Avec la rentée scolaire, les « déclinologues » – qui pointent les défauts de l’école – et les pédagogues – qui défendent que tout ne va pas si mal – redonnent périodiquement de la voix. Débat interminable de la bouteille à moitié vide ou à moitié pleine : la bouteille est pleine ET vide à 50% – de la même manière que toute action humaine comprend indissociablement aussi sa part d’« ombre ».
La perspective historique et sociologique montre bien que l’éducation est, de tout temps – et en tout lieu –, une relation asymétrique de pouvoir, au profit des dominants du groupe social. Pourquoi, en effet, par exemple, les gouvernants et les états, de nos jours, consacreraient-ils le budget le plus important à l’éducation et à l’armée-police ? Si ce n’est pour cultiver la soumission de ses assujettis, « volontairement » consentie ou par la force ?

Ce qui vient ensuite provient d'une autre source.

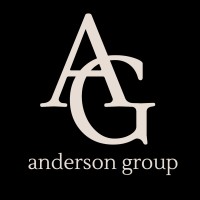 Anderson Group Hungary Kft. logo - Similar company to Gridsearch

La perspective psychologique ou psychanalytique montre bien, de son côté, que la souffrance initiale de l’enfance alimente la peur, irraisonnée, et la recherche subséquente de sécurité ou de reconnaissance – par la domination, pour les uns, ou par la soumission, pour les autres. La peur ne disparaît d’ailleurs pas vraiment pour autant puisque ces voies-là ne traitent que le symptôme et non sa cause.
Cela vaut aussi bien pour ceux qui échouent que pour ceux qui réussissent à l’école : pour ces derniers, en effet, ce qu’ils y endurent et la vision de la vie qu’ils y élaborent rendent-elles leur vie si heureuse ?
D’autres analyses – économique, docimologique, institutionnelle, politique, linguistique, philosophique, … – ne diront pas autre chose : l’échec de l’école est une réussite parce que cela est inscrit en elle-même.
Apprendre est quelque chose de naturel, comme respirer ou digérer, et se fait à chaque instant, par chacun. Organiser volontairement cet apprentissage en « éducation » ou en « enseignement », c’est instituer un « éducateur », c’est établir une relation éducateur-éduqué (ou enseignant-enseigné) – de type « eur-é », comme dans administrateur-administré, dominateur-dominé ou colonisateur-colonisé… Et introduire alors nombre de biais, notamment le manque (il me manque toujours quelque chose pour être « bon »), la peur (de ne pas être à la hauteur, d’échouer, de ne pas être aimé…) ou la dépendance (j’ai nécessairement besoin de quelqu’un d’autre pour apprendre, pour savoir si je fais « bien ») – avec tout ce que ces biais engendrent ou dont ils facilitent l’éclosion.
Aucune méthode, réforme, « innovation »… n’y changera quelque chose. Au contraire : elles rendront le système plus performant (dans sa production d’échecs).
L’échec de l’école est une réussite parce que c’est dans sa structure-même. Ni l’ignorer, ni le nier, ni le combattre… – car cela le maintient, voire le renforce. Simplement le voir, en avoir pleine conscience. Afin de ne pas l’entretenir, mais de le faire, un jour, disparaître – à sa source.